There’s probably more criminal law involvement with family courts. If Daddy is drunk or using meth and that’s impacting the family and I’ve got to get out, get a divorce, there’s probably going to be a criminal law reaction there as well as family law procedural stuff. I’m surprised at how often grandma and grandpa are the solution for raising children in these situations where both mom and dad are messed up with drugs, or one of them is messed up and the single parent says I’m working and I can barely support myself and I need help. And we’ve got kids with a drunken parent or drug-addicted parent who is not trusted.

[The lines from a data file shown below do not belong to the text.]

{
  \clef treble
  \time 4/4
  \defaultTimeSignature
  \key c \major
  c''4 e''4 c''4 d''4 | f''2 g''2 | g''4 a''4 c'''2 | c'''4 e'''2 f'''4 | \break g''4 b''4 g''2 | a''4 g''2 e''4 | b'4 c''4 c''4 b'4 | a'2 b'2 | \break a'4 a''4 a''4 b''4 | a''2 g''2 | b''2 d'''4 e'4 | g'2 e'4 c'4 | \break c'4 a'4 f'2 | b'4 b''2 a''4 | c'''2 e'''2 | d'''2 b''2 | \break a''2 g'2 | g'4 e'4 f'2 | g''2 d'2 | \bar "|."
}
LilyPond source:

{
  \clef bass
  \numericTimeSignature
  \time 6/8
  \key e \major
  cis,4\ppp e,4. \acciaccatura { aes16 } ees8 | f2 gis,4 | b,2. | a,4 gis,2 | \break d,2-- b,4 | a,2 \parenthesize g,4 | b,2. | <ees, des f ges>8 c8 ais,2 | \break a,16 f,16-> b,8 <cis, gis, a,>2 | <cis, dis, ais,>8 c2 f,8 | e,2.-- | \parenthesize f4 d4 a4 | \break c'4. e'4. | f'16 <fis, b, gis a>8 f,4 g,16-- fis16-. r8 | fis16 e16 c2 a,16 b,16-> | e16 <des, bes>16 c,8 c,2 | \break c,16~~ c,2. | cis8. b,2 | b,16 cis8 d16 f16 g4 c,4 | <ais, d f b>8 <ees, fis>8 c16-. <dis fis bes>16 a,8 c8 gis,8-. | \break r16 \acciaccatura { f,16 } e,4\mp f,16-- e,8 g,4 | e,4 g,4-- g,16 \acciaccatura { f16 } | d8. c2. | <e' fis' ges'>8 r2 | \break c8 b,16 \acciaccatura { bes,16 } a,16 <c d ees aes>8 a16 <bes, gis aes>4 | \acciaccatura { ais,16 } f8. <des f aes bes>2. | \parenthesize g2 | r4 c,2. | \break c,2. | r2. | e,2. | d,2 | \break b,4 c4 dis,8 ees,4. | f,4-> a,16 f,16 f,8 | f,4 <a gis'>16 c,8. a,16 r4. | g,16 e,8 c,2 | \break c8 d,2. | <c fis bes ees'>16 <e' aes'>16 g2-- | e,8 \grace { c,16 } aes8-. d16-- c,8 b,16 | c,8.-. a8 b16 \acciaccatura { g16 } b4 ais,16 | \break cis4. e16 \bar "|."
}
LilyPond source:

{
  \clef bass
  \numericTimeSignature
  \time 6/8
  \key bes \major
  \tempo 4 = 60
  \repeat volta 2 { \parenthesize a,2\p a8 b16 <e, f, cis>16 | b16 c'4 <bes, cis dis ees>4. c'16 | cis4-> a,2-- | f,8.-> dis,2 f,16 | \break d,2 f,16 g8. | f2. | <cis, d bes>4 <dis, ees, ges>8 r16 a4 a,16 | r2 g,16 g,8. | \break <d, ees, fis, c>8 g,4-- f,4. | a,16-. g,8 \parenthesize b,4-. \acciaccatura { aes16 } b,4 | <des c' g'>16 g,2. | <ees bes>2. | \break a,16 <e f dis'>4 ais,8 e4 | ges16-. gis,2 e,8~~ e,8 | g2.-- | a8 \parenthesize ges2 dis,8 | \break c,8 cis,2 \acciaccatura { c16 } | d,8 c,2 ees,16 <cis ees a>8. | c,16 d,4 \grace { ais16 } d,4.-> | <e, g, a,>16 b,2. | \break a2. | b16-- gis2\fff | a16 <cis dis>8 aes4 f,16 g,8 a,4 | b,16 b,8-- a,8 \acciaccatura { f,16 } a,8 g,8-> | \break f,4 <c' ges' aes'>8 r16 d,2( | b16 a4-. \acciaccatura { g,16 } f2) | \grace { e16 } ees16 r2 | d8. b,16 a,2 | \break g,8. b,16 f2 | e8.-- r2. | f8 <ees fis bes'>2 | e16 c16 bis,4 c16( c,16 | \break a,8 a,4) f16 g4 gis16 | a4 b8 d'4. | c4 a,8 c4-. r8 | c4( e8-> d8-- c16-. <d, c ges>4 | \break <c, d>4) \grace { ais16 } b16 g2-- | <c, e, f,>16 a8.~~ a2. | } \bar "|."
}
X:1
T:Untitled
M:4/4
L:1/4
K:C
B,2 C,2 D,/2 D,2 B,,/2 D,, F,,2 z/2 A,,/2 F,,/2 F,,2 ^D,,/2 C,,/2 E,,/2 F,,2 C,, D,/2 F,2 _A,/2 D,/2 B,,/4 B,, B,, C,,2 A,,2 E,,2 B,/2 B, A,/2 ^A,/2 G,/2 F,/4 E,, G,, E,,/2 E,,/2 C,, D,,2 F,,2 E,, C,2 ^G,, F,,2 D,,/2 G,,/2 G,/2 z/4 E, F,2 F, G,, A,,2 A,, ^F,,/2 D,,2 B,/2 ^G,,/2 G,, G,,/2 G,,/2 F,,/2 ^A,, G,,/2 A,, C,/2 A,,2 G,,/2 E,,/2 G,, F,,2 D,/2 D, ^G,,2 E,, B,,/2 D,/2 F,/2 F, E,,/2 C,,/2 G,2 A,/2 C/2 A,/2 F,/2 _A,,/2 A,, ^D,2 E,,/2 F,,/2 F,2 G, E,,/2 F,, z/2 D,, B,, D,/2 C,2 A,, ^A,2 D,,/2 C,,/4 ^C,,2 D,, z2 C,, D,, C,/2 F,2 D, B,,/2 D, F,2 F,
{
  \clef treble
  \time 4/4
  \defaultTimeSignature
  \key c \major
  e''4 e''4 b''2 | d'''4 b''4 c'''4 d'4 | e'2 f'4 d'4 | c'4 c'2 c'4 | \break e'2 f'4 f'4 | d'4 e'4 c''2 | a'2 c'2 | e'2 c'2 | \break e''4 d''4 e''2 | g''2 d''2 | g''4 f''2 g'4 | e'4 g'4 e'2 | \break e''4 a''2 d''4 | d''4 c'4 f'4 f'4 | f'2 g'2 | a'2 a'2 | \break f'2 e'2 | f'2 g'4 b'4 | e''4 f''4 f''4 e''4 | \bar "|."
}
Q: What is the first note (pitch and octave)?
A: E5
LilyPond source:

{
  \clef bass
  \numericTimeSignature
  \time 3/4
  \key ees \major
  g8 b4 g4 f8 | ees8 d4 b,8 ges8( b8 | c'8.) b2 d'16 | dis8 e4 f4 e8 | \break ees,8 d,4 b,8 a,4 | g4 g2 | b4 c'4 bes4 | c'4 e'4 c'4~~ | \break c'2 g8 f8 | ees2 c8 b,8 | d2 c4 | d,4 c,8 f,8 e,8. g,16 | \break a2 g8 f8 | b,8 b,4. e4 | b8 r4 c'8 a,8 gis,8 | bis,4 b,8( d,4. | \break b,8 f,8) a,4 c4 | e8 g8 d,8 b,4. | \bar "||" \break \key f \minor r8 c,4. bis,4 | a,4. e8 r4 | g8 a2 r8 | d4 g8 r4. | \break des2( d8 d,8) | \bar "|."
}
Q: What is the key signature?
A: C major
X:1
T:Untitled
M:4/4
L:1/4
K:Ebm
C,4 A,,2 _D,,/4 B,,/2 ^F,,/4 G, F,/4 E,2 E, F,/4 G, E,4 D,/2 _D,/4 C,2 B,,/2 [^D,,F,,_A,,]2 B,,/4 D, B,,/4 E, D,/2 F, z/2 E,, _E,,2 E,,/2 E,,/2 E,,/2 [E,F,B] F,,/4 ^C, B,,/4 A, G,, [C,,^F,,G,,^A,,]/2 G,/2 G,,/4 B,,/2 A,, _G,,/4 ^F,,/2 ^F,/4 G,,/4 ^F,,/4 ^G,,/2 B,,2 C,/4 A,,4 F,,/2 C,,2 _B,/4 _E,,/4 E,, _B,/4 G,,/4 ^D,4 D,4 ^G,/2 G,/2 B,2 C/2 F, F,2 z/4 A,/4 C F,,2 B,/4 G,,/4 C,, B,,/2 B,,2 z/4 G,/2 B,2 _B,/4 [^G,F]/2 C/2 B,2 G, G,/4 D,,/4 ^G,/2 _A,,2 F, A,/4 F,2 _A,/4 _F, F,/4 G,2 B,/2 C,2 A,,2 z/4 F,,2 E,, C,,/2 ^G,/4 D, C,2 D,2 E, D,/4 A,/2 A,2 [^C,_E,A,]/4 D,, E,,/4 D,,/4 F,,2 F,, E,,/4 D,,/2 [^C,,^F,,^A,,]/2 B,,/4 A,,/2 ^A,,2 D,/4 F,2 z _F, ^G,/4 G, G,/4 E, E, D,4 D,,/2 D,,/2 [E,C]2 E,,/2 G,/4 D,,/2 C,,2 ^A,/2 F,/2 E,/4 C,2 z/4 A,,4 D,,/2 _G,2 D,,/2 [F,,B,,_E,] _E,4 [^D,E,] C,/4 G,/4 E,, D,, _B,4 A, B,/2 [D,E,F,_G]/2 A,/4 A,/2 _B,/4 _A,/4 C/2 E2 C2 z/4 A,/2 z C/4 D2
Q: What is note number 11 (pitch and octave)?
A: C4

You see HROs, OFPs, restraining orders in just regular divorces. You see parenting plans that are affected by the fact Daddy was arrested and now we have a no-contact order. We have DANCOs, we have violations of DANCOs; how do we handle those? Do they still see the kids? How do we transfer people? All those things have an impact. We didn’t deal with all that 30 years ago. Whether we should have been doing that back then is a really good question.

 

0919-Robert-WoodkeRobert A. Woodke

Brouse, Woodke & Hildebrandt, PLLP, Bemidji

I’ve represented clients who had work in Bemidji from as far away as California and New Jersey, and a lot of people from Iowa and Illinois and places like that. People from all over the state of Minnesota. So my practice is not just people who live and work in Bemidji. But I’ve seen a lot of change here. There seems to be a widening gap between the haves and the have-nots. There’s a lot of need for legal services. I’ve had people say, well, we have legal service panels and firms and they take care of that. 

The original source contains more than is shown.